Exercise data.
────────

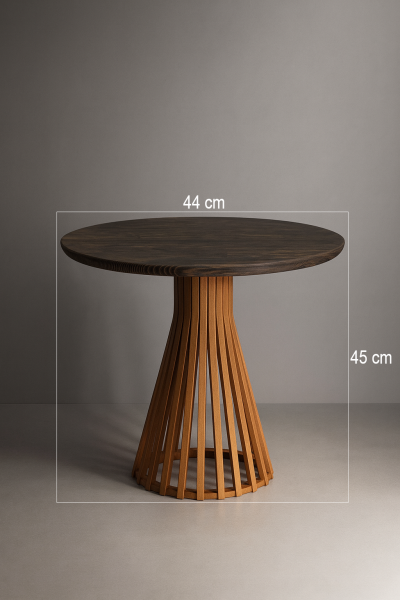 Yuvarlak Ahşap Yan Sehpa 44 cm – Modern Dikey Çıtalı Dekoratif Sehpa 45 cm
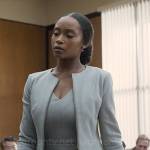 Andrea’s grey v-neck dress and matching jacket on The Lincoln Lawyer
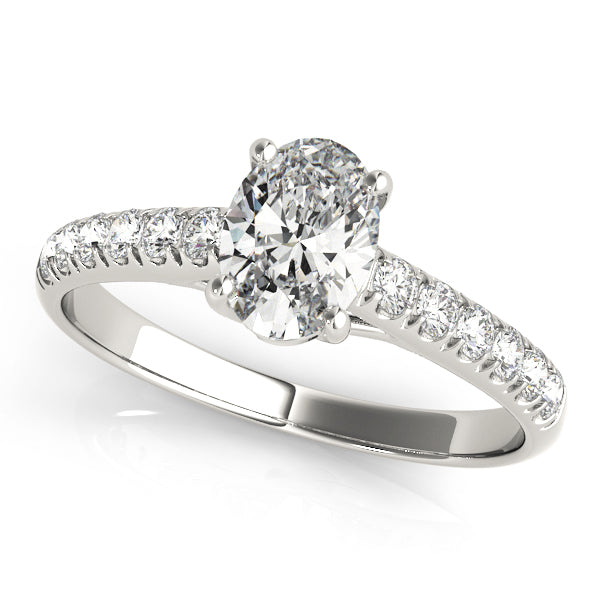 Single Row U-Prong Trellis Engagement Ring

────────

Try it.
In your answer, copy exactly the lines running from the line with "Andrea’s grey v-neck" to the end of the material above, both included, and omit all pictures.

Result of the exercise.
 Andrea’s grey v-neck dress and matching jacket on The Lincoln Lawyer
 Single Row U-Prong Trellis Engagement Ring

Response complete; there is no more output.